Supreme Court Justice Ruth Bader Ginsberg said that America’s symbol should not be the bald eagle, but the pendulum, “and when the pendulum swings too far in one direction, it will swing back.”
Our historic limit of white men as leaders has become habitual. When only one kind of person is seen as valid leadership, it leaves our whole culture misrepresented.
Tuesday night’s election of Alex Fisch was not surprising. There has never been a shortage of white men or lawyers on the dais at City Hall. No disrespect to Alex; he was clearly the top vote collector, and his skill set is one that is greatly needed and will be truly useful in the next few years. But the election of Daniel Lee was historic; the first African American on the Culver City Council. It was a close race on election night, and Lee and Vera were within easy shouting distance for much of the evening. Lee’s triumph puts some emphatic punctuation on what looks to be a new era for leadership in Culver City.
With Leslie Lockhart as the District Superintendent, Melanie Mack at the helm of the Education Foundation, and Colin Diaz in the President’s chair at the Chamber of Commerce, lots of our local leadership is delightfully diverse than it ever has been. Of course, these people did not get these positions because of their ethnicity, but the fact that it was not a factor against them shows that Culver City has grown up in some very important ways.
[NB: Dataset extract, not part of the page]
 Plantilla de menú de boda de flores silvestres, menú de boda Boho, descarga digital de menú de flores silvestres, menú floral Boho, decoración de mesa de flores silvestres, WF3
Culver City has had a racist reputation for most of it’s history. At a recent “Coffee with A Cop” event, I struck up a conversation with some men who were just there to get coffee, and did not know about the community outreach from the CCPD. Both of these men, one African-American and one Latino, said they’d grown up in the area, and they had tales to tell of getting pulled over, harassed, and learning to just avoid the city. One man noted that, as a teenage driver, he’d go out of his way to go around Culver City, burning gasoline he could barely afford rather than risk dealing with the CCPD.
That our police force is now actually more diverse that the population of the city itself speaks to how much effort has been made to erase the bad old days.
Having Lee joining the council does feel like the exclamation point that it ought to be, and he has every right to be proud of the accomplishment.
When Ginsburg was asked how many women would be enough for the Supreme Court, she said “When there are nine. No one thought anything was odd about having nine men.”
As the pendulum swings and we find a new balance, we can look hopefully to a day when we can all feel included.